Use Emscripten to compile the WASM version of OpenCC and convert it to traditional Chinese in the browser

  • Github project location
  • Playground and document


OpenCC is great, but unfortunately we have to open a service to use it. I had always wanted to run it directly in the browser, converting text directly from a page.

I was surprised by the maturity of wASM-related technologies when I discovered that Tesseract.js was compiled using Emscripten. The idea was to build a WASM version of OpenCC, as well as explore Emscripten.

This project added and modified OpenCC and compiled it using Emscripten. It has the following features in the ability of OpenCC to convert Chinese simplified and traditional characters:

  • It runs directly in the browser environment.
  • Running in Node, Eletron eliminates addon compilation, avoiding complex Addon deployments. Theoretically it should work with React Native and Web workers as well (untested).
  • The function of dictionary data loading and text conversion is separated, only necessary dictionary data is loaded in the browser, and custom data loading mode is allowed, which is convenient to load data from THE CDN.

results

You can go directly to the document page and try converting it in your browser:

Wasm – Opencc open Chinese translation wASM version, can run directly in the browser.

Edit descriptionoyyd.github.io

After compiling, relevant file sizes are as follows (excluding dictionary files) :

  • Opencc-asm.js (655kB, 164kB after gzip)
  • Opencc-asm.js. mem (25kB, 8kB after gzip)

Although the code is bulky, it can be used effectively in a Web environment with proper caching.

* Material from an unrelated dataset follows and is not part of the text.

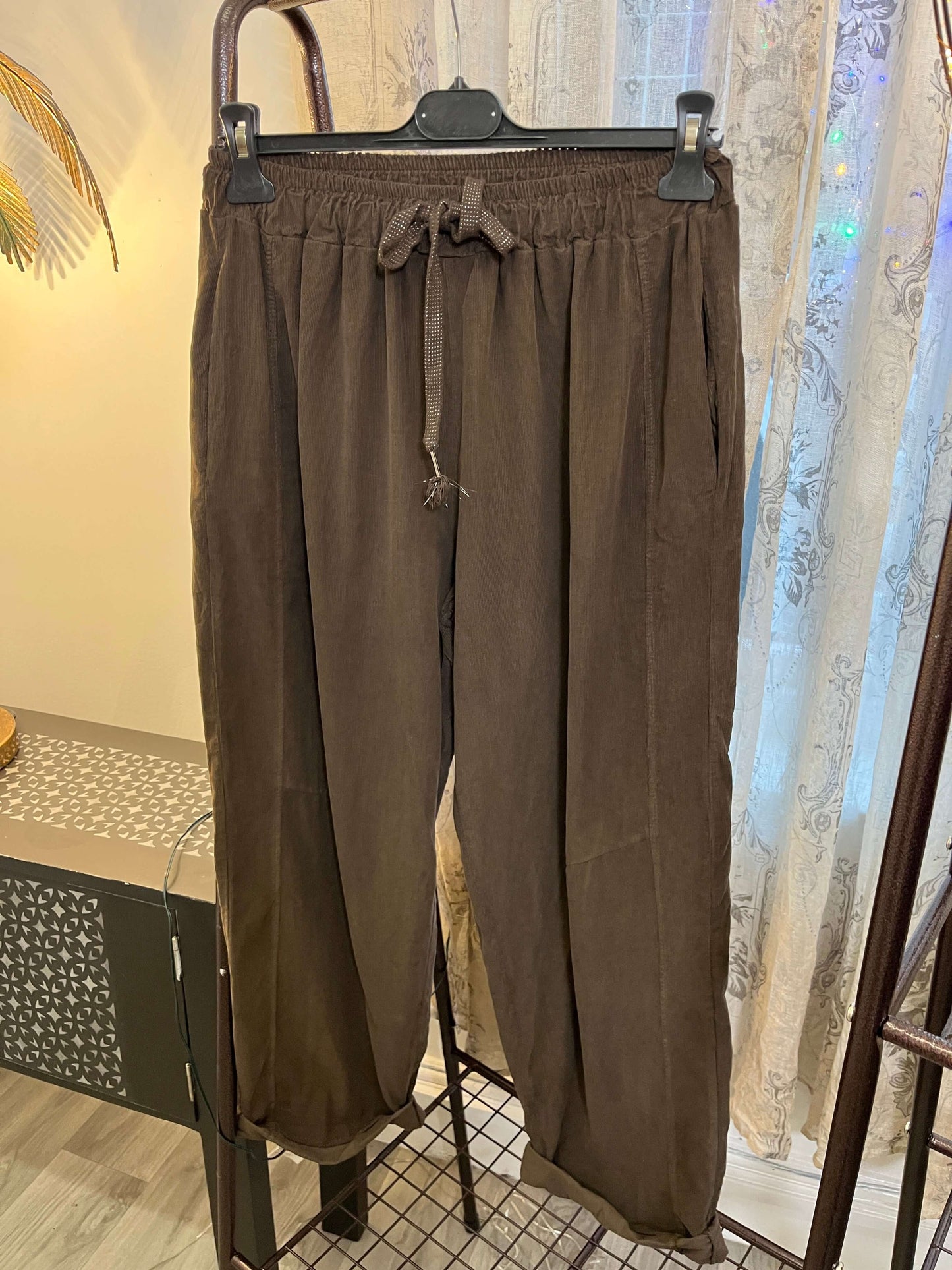 Bridget Cord Cotton Joggers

Of course, you can also use NPM to install and run directly on the Node environment, and no memory problems have been found.

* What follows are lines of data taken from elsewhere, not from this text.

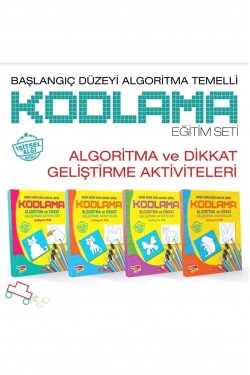 Algoritma Temelli Adım Adım Kodlama 4'lü Kitap Seti
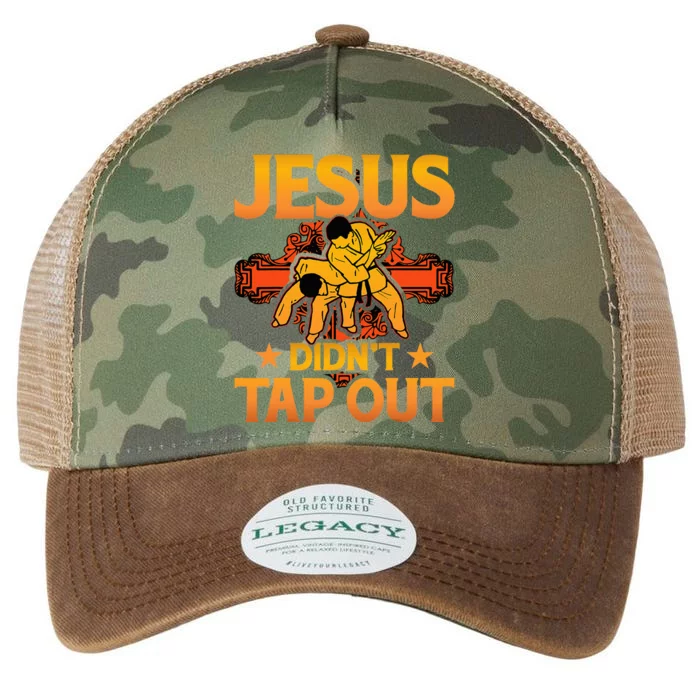 Jesus DidnT Tap Out Brazilian Jiujitsu Bjj Grappling Legacy Tie Dye Trucker Hat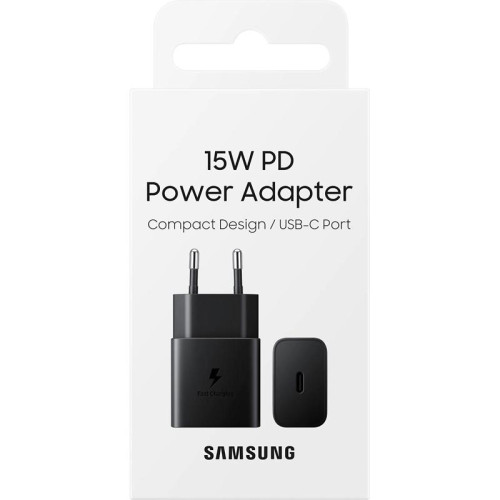 Сетевое зар./устр. Samsung EP-T1510 2A (PD) USB-C Samsung черный (EP-T1510XBEGEU)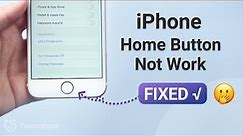 How to Fix iPhone Home Button not Working-5 Ways
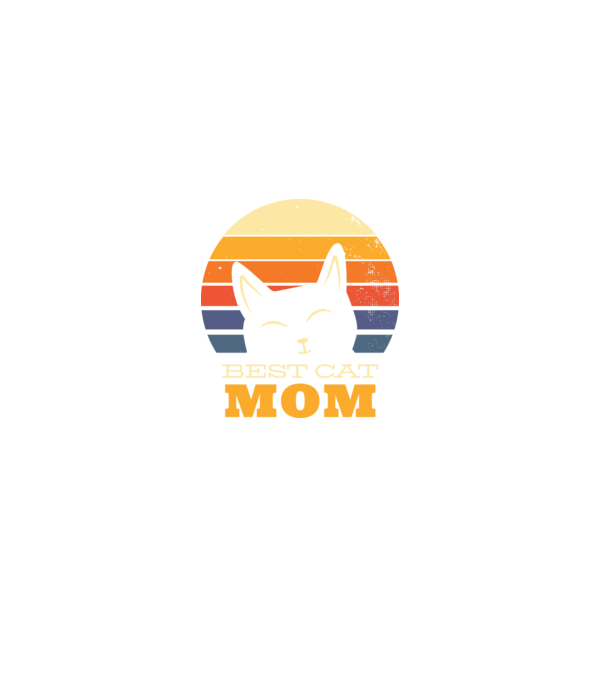 Best Cat Mom Ever minta szürke pólón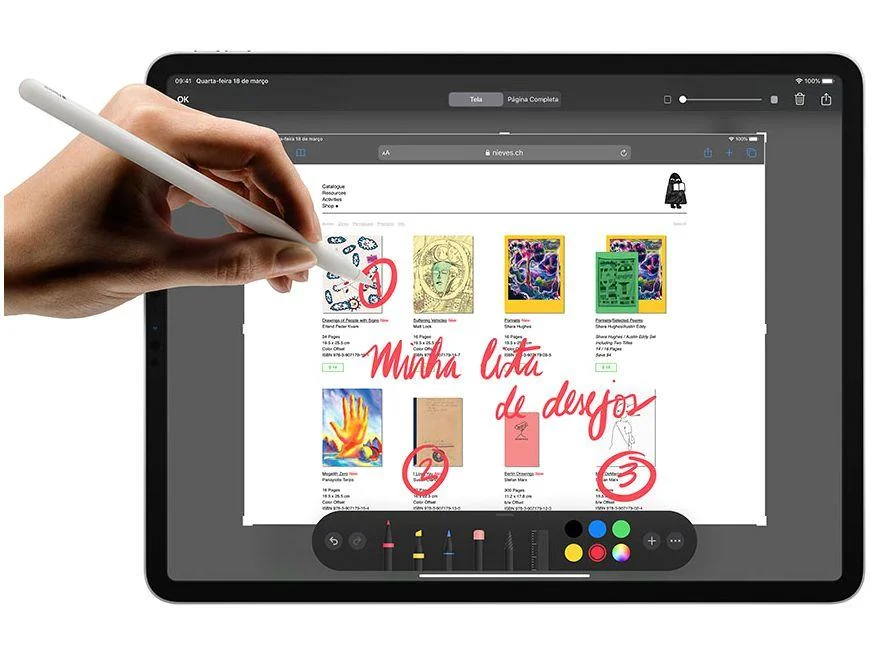 iPad Pro 11” 2ª Geração Apple Wi-Fi 256GB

Some feelings about WASM and Emscripten

One of my biggest concerns with WASM before was whether Emscripten/WebAssembly was mature enough now. If you’re looking for something that’s out of the box and has a full documentation community (which is pretty much complete, except for the fact that it’s hard to find the corresponding document when you run into a problem) and doesn’t run into too many problems, I’m thinking “no.” You certainly need to know about C/CPP and build tools, and I ran into a lot of problems, especially with memory operations, where Emscripten threw an error number without any other error messages, making it very difficult to locate. There may be tools like GDB or LLDB to help solve these problems, but I’m not aware of them.

But if you understand that the problems WebAssembly itself is trying to solve aren’t easy, and you’re willing to put in the time to face them, I think you’ll come out of a project feeling more mature than you thought before you started using Emscripten. After I developed this project, I have not tested any memory related problems (of course, it is the JS runtime environment itself, which is probably not worth mentioning); After solving or avoiding a few of the problems we encountered, most of the rest of the code is fine, and the rest is just wrapped calls to the pure JS realm.

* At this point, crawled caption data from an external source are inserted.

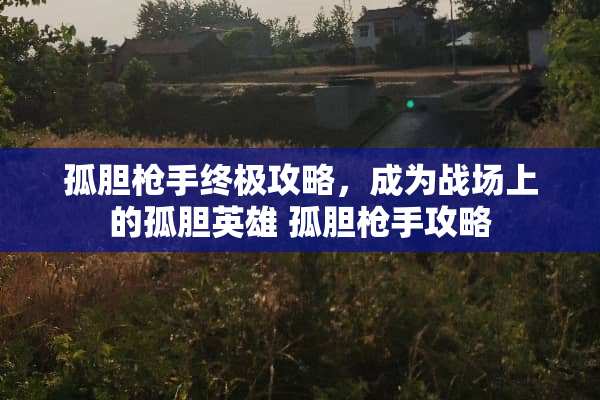 孤胆*手终极攻略，成为战场上的孤胆英雄 孤胆*手攻略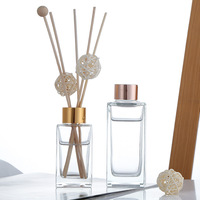 En Stock clair 35ml 80ml 100ml 150ml 250ml bouchon à vis diffuseur d'arôme bouteille diffuseur de roseaux bouteille de parfum aromatique en verre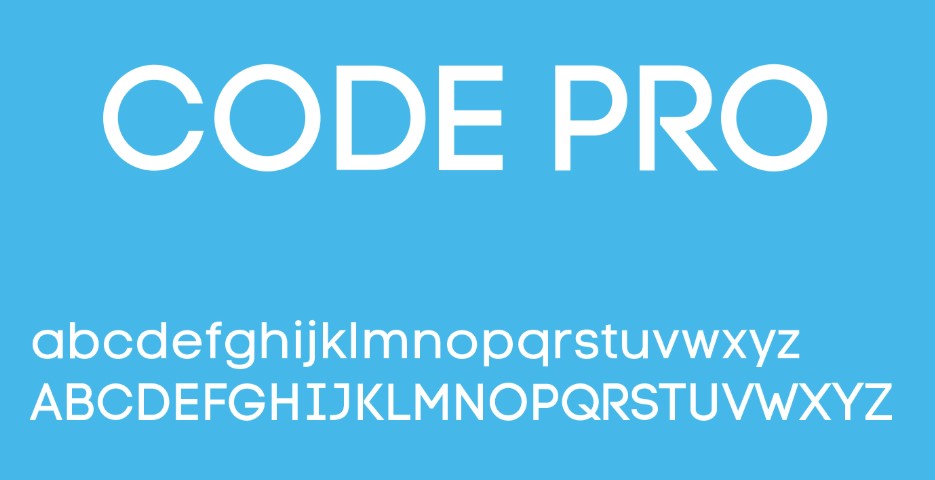 Code Pro Font Preview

Also, I didn’t intend to provide the Node version of the code at first, because @byvoid already made the Addon version itself. But then, mindful of the problems I had with developing Addon, and aware of the maintenance and deployment challenges of Addon, I built a version to run on Node. So I think wASM still has an advantage in the Node environment, even with addon calling c/ CPP. Because you can build a version that doesn’t need to be compiled and runs in a browser in less time, without having to understand v8.h, Node. h, Nan, and just learn the much simpler Embind.

Looking back, the biggest advantage of WebAssembly, as stated in its documentation, is that you can run LLVM generated projects directly in JS, just like Node Addon. If you are using technical tools solely for the performance of your application, you should be careful.